Pengujian ini digunakan untuk menguji signifikansi pengaruh serentak variabel independen terhadap variabel dependen. Menggunakan tingkat signifikansi α = 0,05, di mana tingkat signifikansinya ditentukan dengan nilai probabilitas < 0,05 atau dengan membandingkan nilai F hitung dengan F tabel. Hipotesa nol (Ho) akan diterima atau ditolak dengan ketentuan sebagai berikut:

F hitung < F tabel berarti Ho diterima. F hitung > F tabel berarti Ho ditolak. 3.10.3 Uji R2

Koefisien determinasi R2 pada intinya seberapa jauh kemampuan model dalam menerangkan variasi variabel dependen. R2 mempunyai nilai antara 0 dan 1 (0<R2<1), semakin tinggi nilai R2 suatu regresi atau semakin mendekati nilai 1, maka akan semakin baik regresinya. Sebaliknya nilai R2 suatu regresi yang semakin kecil akan membuat kesimpulan dari regresi tersebut tidak dipercaya.
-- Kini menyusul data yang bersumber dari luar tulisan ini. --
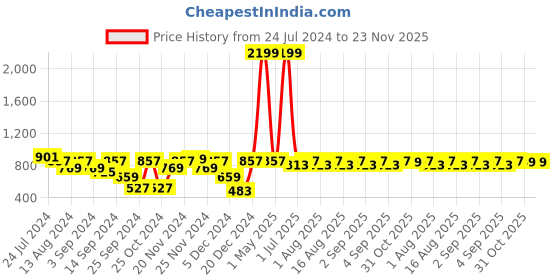 myntra.com MARKET99 Grey Embossed Soap Dispenser 375 ml market99 Price History Graph from 24 Jul 2024 to 23 Nov 2025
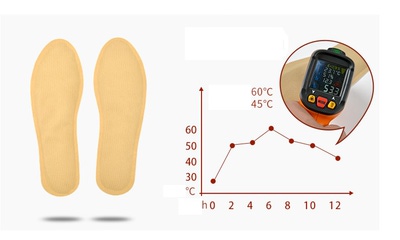 81213 Самонагревающиеся стельки Feet Warmer (фото, вид 4)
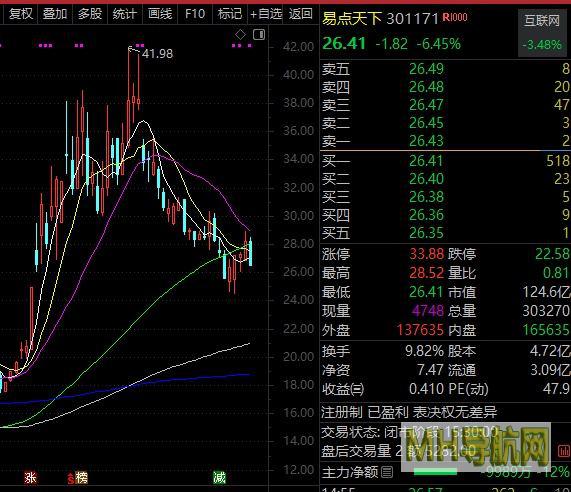 连续6个涨停板，重组概念股被盯上-股票频道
“Kelemahan mendasar penggunaan koefisien determinasi (R2) adalah bias terhadap jumlah variabel independen yang dimasukkan ke dalam model. Setiap tambahan satu variabel independen maka R2 pasti meningkat tidak perduli apakah variabel tersebut berpengaruh secara signifikan terhadap variabel dependen. Oleh karena itu banyak peneliti menganjurkan untuk menggunakan nilai Adjusted R2 pada saat mengevaluasi mana model regresi terbaik. Tidak seperti R2 , nilai adjusted R2 dapat naik atau turun apabila satu variabel independen ditambahkan ke dalam model.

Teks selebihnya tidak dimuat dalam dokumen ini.